Convivemos, ao longo da vida profissional, com líderes de todos os tipos: inspiradores, rígidos, justos, omissos, inseguros. Mas há um tipo em particular que nos marca profundamente — o líder tomado por seu próprio ego. Aquele que confunde autoridade com vaidade, reconhecimento com controle, e missão com protagonismo pessoal.
A princípio, achamos que se trata apenas de alguém difícil. Com o tempo, entendemos que o que está em jogo é a estrutura emocional de toda a organização. O ego inflado não é uma excentricidade inofensiva — ele tem efeitos concretos: silencia equipes, inibe inovações, paralisa sucessões, distorce a cultura. Mas há algo que aprendi ao longo dos anos e que preciso compartilhar: lidar com esse tipo de liderança, por mais desafiador que seja, também nos ensina. Muito.
“Quando não podemos mais mudar uma situação, somos desafiados a mudar a nós mesmos.” Viktor Frankl
Frankl, ao tratar do sentido que podemos dar mesmo às situações mais adversas, oferece uma chave poderosa para esse tema. Porque, ao enfrentar lideranças egóicas, somos chamados a nos posicionar com mais clareza: o que estou fazendo aqui? O que estou me tornando nesse ambiente? Até que ponto vale me adaptar — e quando é hora de preservar minha integridade?

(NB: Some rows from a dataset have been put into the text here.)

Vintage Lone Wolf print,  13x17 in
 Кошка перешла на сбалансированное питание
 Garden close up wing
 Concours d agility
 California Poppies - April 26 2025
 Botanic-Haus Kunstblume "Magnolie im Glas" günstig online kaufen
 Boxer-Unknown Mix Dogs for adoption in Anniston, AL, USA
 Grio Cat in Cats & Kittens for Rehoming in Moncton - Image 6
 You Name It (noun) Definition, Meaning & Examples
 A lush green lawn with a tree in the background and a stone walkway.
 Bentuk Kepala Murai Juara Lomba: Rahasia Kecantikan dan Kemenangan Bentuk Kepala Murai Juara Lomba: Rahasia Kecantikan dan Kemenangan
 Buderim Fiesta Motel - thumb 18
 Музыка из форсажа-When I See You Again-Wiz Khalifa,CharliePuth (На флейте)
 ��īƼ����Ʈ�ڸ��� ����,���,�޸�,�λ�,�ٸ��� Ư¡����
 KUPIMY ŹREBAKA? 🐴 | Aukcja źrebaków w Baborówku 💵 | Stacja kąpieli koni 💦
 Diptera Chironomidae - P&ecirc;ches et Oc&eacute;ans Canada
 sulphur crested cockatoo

Muitas vezes, o ego do líder nos convida a um jogo perigoso: o da comparação constante. Começamos a duvidar da nossa importância, da nossa capacidade, da nossa trajetória. Mas aí está o ponto central: não é sobre vencer o ego do outro — é sobre não permitir que ele distorça o nosso valor. Lideranças tóxicas podem ser também nossos maiores espelhos — revelando nossas forças ocultas e os limites que precisamos aprender a impor.
Já conheci profissionais que, ao se sentirem diminuídos por seus líderes, encontraram ali o impulso para mudar de área, de empresa ou até de país. Otros, ao perceberem o esvaziamento do ambiente, decidiram estudar mais, empreender, inovar. E alguns, com enorme sabedoria, escolheram permanecer — mas com uma nova postura, mais estratégica e menos dependente de validação externa.
O ego do líder, por mais opressivo que seja, não precisa nos aprisionar. Ele pode, paradoxalmente, nos lembrar daquilo que não queremos ser. E pode nos desafiar a cultivar o tipo de presença que não precisa gritar para ser ouvida, nem controlar para ser respeitada.
Encerrar essa série com esse olhar é, para mim, um gesto de reconciliação com a realidade. Nem toda liderança será inspiradora. Nem todo gestor saberá lidar com o próprio ego. Mas sempre haverá espaço para que a gente escolha quem queremos ser nesse caminho — mesmo quando tudo à nossa volta parece apontar para o contrário.